Il placido Neusiedler See e lievi colline tappezzate di vigneti fanno da cornice a Rust, cittadina del Burgenland dove nidificano le cicogne. Libera città dal 1681, Rust possiede un centro storico restaurato alla perfezione, tanto che l’UNESCO lo tutela come patrimonio culturale dell’umanità. Ed è la base perfetta per scoprire, insieme a ottimi vini, il fascino di insoliti paesaggi naturali al confine con le steppe ungheresi. Con appena 1900 abitanti, è fra le città più piccole dell’Austria come lo è tutto il Burgenland che la circonda. Dimenticate i paesaggi alpini e i fasti viennesi dell’impero: qui vi attende un mondo diverso, dalla natura forte ma quieta e solare. Dove lo scenario verdeggiante dei vigneti si fonde con l’atmosfera ovattata del Neusiedler See, l’unico lago di steppa dell’Europa centrale con acque basse e punteggiate di canneti.

Merita un viaggio anche Baden Bei Wien: immersa nel verde, ma alle porte di Vienna, è stata la residenza estiva degli imperatori austriaci e incanta ancora oggi con le sue atmosfere di stile, i giardini e i palazzi Biedermeier. Già i romani apprezzavano le virtù delle acque sulfuree locali e nel XIX secolo divenne il ritrovo dell’alta società viennese, di statisti, letterati e musicisti.
Oggi seduce con il suo mix di tradizione termale, cultura e lifestyle, con vini di qualità e il suo elegante Casinò.

 

Schärding, lambita dal fiume Inn che traccia il confine tra Austria e Germania, con la sua manciata di abitanti, appena 5.000, è un gioiello barocco in technicolor: è così che appare a prima vista, con la sua sinfonia di colori a chi vi arriva in automobile o con uno dei battelli che nella bella stagione incrociano sul fiume.
Città dalla storia ricchissima, un tempo lo era anche di monete d’argento: quelle accumulate sin
dal Medioevo dai mercanti di sale, legname, tessuti, marmo e altri prodotti. Non a caso la scenografica fila di palazzetti barocchi dalle facciate pastello e gli alti frontoni nell’Oberer Stadtplatz viene chiamata Silberzeile, linea d’argento. Gli affari erano così lucrosi che tutte le corporazioni potevano permettersi case più che dignitose, e ciascuna aveva un colore che la contrassegnava: rosso per i macellai, azzurro per i panettieri, giallo per i birrai e verde per gli osti.
Spesso conteso per la sua posizione strategica, il borgo fu regnato per lunghi periodi dai bavaresi che lo fortificarono con mura di cinta.

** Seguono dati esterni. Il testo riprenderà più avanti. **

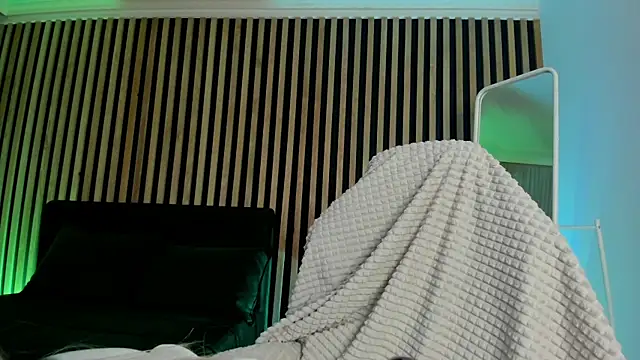 MiaMews online show from March 18, 2025, 3:44 pm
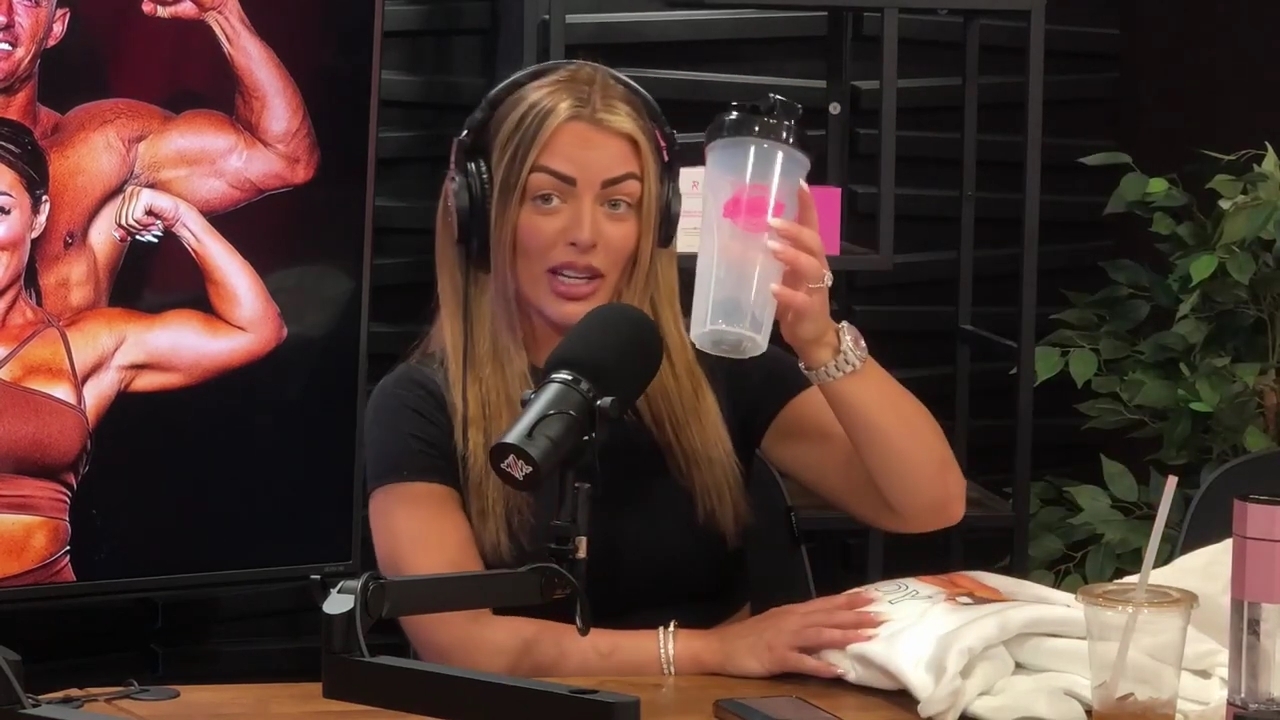 y2mate_is_-_Power_Alphas_Episode_25__WWE_Twitter_Beef___25th_Episode_Giveaway__Mandy_Sacs_and_Sabby_Piscitelli-_RBMZWVjmI4-720p-1714966429_mp42193.jpg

Due incendi nel 1700 e l’occupazione napoleonica ne distrussero in parte il tessuto urbano. Le case recuperate e restaurate sono oggi la maggior attrattiva di Schärding, tornata austriaca nel 1816 con tutta la regione dell’Innviertel. Ma gli abitanti non hanno mai smesso di rivaleggiare, seppur bonariamente, con i bavaresi dell’altra sponda.

Ma si può scegliere anche di seguire La via delle Alpi fra la medioevale Feldkirch, la verde Imst e Kufstein con la sua possente fortezza, o di le orme di imperatori, mercanti e monaci nell’Austria settentrionale. Insomma, ce n’è per tutti i gusti, in questa guida delle Piccole Città Storiche austriache, che vale la pena di partire.